Proof Automation with Large Language Models

Minghai Lu, Benjamin Delaware, and Tianyi Zhang

abstract

Interactive theorem provers such as Coq can help users establish strong, foundational guarantees about the correctness of software. Unfortunately, these guarantees often come at the cost of significant manual proof effort from expert users. While Large Language Models (LLMs) have shown promise in automatically generating informal natural language proofs, they have proven less effective at generating formal proofs in interactive theorem provers.
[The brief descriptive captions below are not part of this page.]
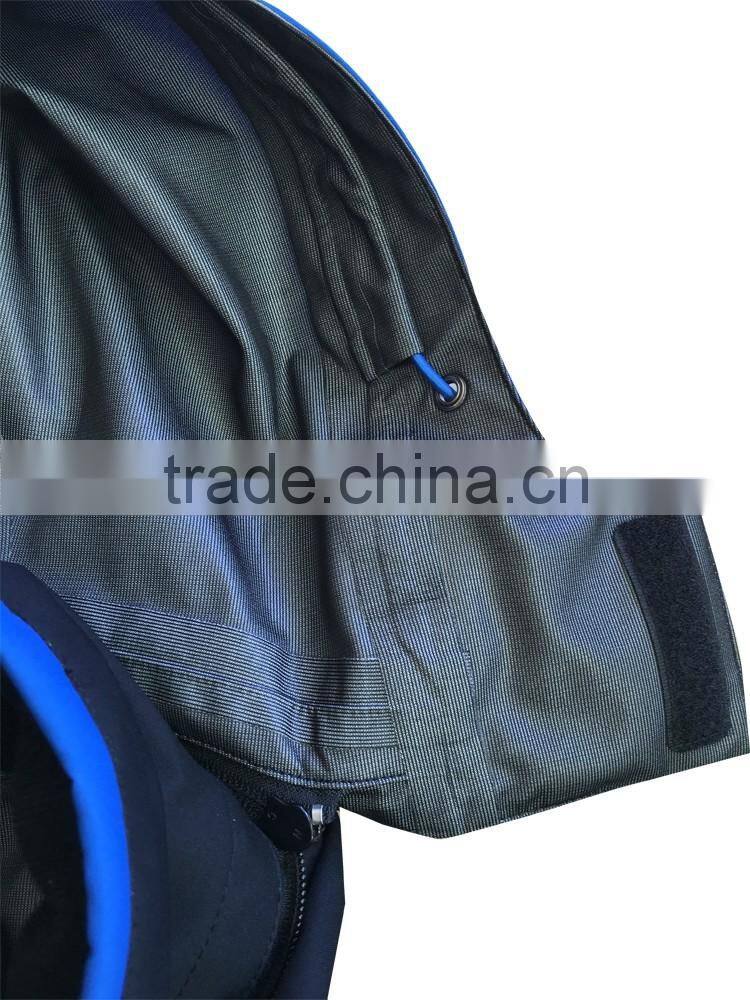 OEM outdoor waterproof & breathable hiking 3 layer jacket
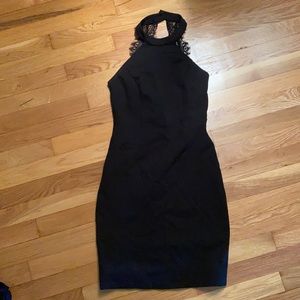 Very pretty black dress lace neck and back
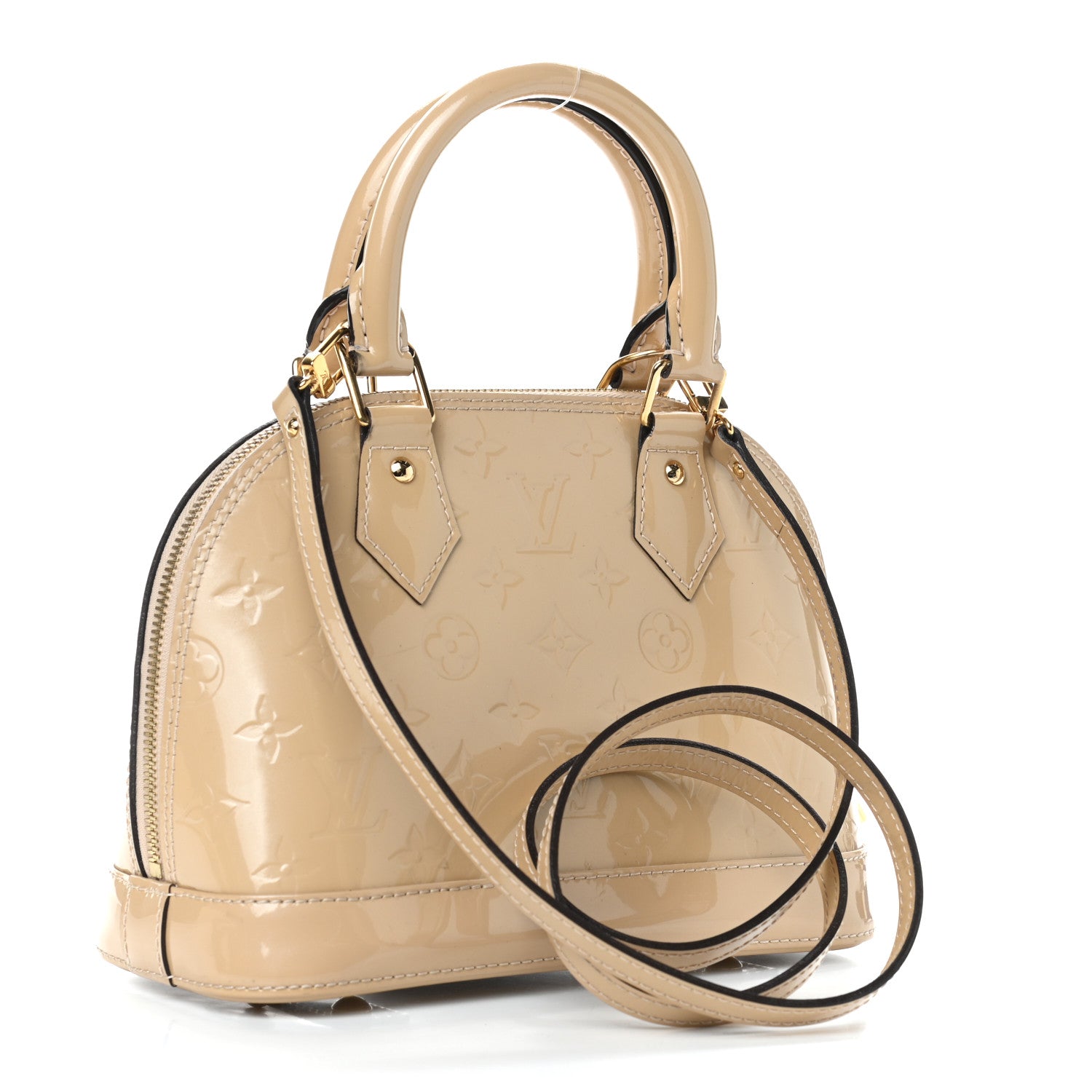Louis Vuitton Vernis Alma BB Dune 3 of 9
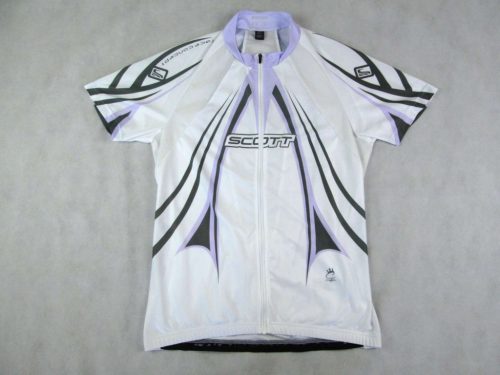 SCOTT RÖVID UJJÚ FÉRFI (L / XL) FEHÉR KERÉKPÁROS BICIKLIS LÉLEGZŐ SPORT FELSŐ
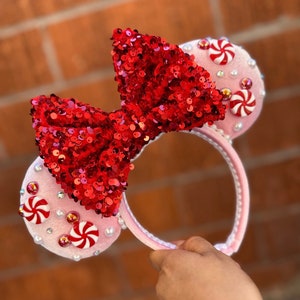 Christmas Peppermint Minnie Ears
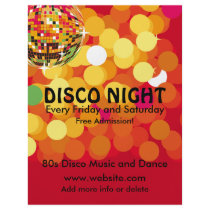 Disco Night 2 Music Flyer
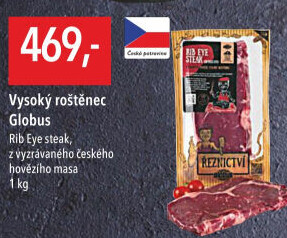 Hovězí Rib eye steak Globus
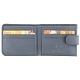 1642 Leather Two Fold Notecase Wallet with Rear Coin Pocket
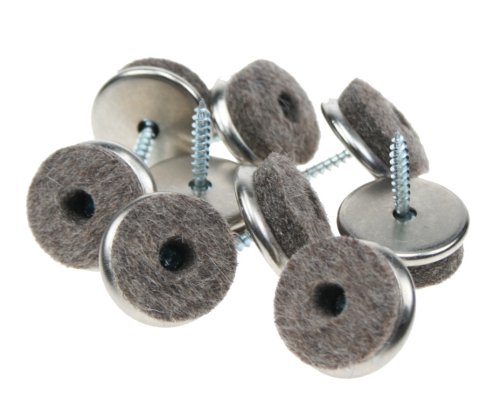 OLIEFRIS Viltglijder met schroef Ø 20 mm.
Verpakt per 100 stuks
In this paper, we first conduct a formative study to identify common mistakes made by LLMs when asked to generate formal proofs using the Coq proof assistant. By analyzing 520 proof generation errors made by GPT-3.5, we found that it often produces a proof with a correct high-level structure, but in which many of the lower-level details are wrong. Based on this observation, we propose PALM, a novel generate-then-repair approach that first prompts an LLM to generate an initial proof and then leverages targeted symbolic methods to iteratively repair low-level problems.

We evaluate PALM on a large dataset that includes more than 10K theorems. Our results show that PALM significantly outperforms other state-of-the-art approaches, successfully proving between 76% and 180% more theorems than its competitors. Moreover, PALM proves 1270 theorems beyond the reach of existing approaches. We also demonstrate the generalizability of PALM across different LLMs.